Automatic_Speech_Recognition icon indicating copy to clipboard operation
Automatic_Speech_Recognition copied to clipboard

Serious bug in libri_train.py

Open michaelklachko opened this issue 5 years ago • 4 comments

LibriSpeech dataset (e.g. train-clean-100) is split into multiple directories during preprocessing. Then during training, the code iterates through these directories: https://github.com/zzw922cn/Automatic_Speech_Recognition/blob/master/speechvalley/main/libri_train.py#L159

The problem is that for each directory, a new model is created according to the maxTimeSteps parameter for the inputs in the directory. This means that if we have 8 directories for train-clean-100 dataset, we are training 8 separate models, which don't share their weights (in fact, every time a model saves a checkpoint, it overwrites the checkpoint saved by the previous model).

This means that we are effectively training only one model out of 8, and we are training it only on data in the last directory (so we are using 1/8 of the dataset).

michaelklachko avatar Jul 08 '18 22:07 michaelklachko

I can put all training .npy files into one directory, but the real problem is that the model would have to fit the largest sample in the whole dataset: if the largest sample is 4000 time steps, then every sample would need to be padded to this size. This would make training extremely slow.

Look at https://github.com/fordDeepDSP/deepSpeech code for a better solution (bucketing sorted inputs).

michaelklachko avatar Jul 09 '18 17:07 michaelklachko

From L171, I think the logic is to restore saved parameters trained on previous folders? So I guess it's not training 8 separate models if the keep option is set to True.

                if keep == True:
                    ckpt = tf.train.get_checkpoint_state(savedir)
                    if ckpt and ckpt.model_checkpoint_path:
                        model.saver.restore(sess, ckpt.model_checkpoint_path)
                        print('Model restored from:' + savedir)

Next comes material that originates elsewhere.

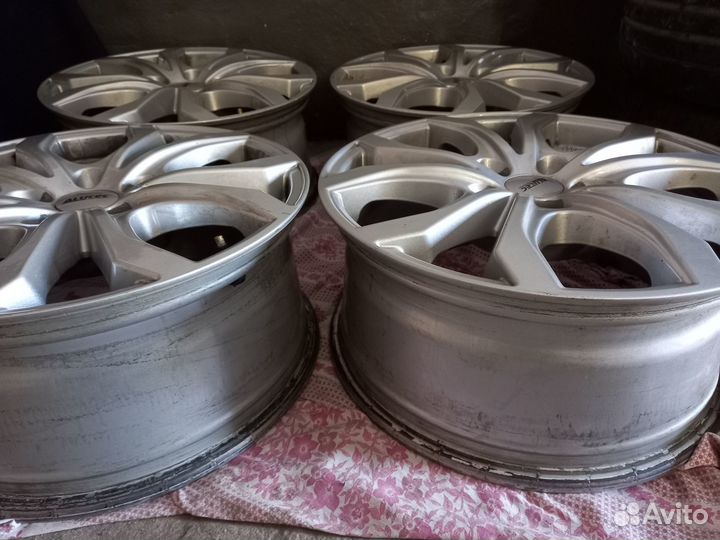 Литые диски R18, 5х108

RoyJames avatar Oct 01 '19 16:10 RoyJames

I got this repo to work, however it took a lot of effort and many bug fixes. At the end, it's just not worth it - this repo has pretty much been abandoned, and there are better repos available (fordDSP, Mozilla, or SeanNaren for the excellent PyTorch implementation). Also, DeepSpeech is pretty old - there are now better architectures, for example Jasper or transducer based ones). Don't waste your time on this one.

michaelklachko avatar Oct 01 '19 16:10 michaelklachko

I got this repo to work, however it took a lot of effort and many bug fixes. At the end, it's just not worth it - this repo has pretty much been abandoned, and there are better repos available (fordDSP, Mozilla, or SeanNaren for the excellent PyTorch implementation). Also, DeepSpeech is pretty old - there are now better architectures, for example Jasper or transducer based ones). Don't waste your time on this one.

I kinda agree after trying this repo on LibriSpeech. And thank you for the pointers. I also checked fordDSP and SeanNaren's DeepSpeech2 pytorch implementation, but I still see people having trouble getting reasonable WER/CER there without getting responses. I just want to train on LibriSpeech and might have to try Kaldi now.

RoyJames avatar Oct 01 '19 18:10 RoyJames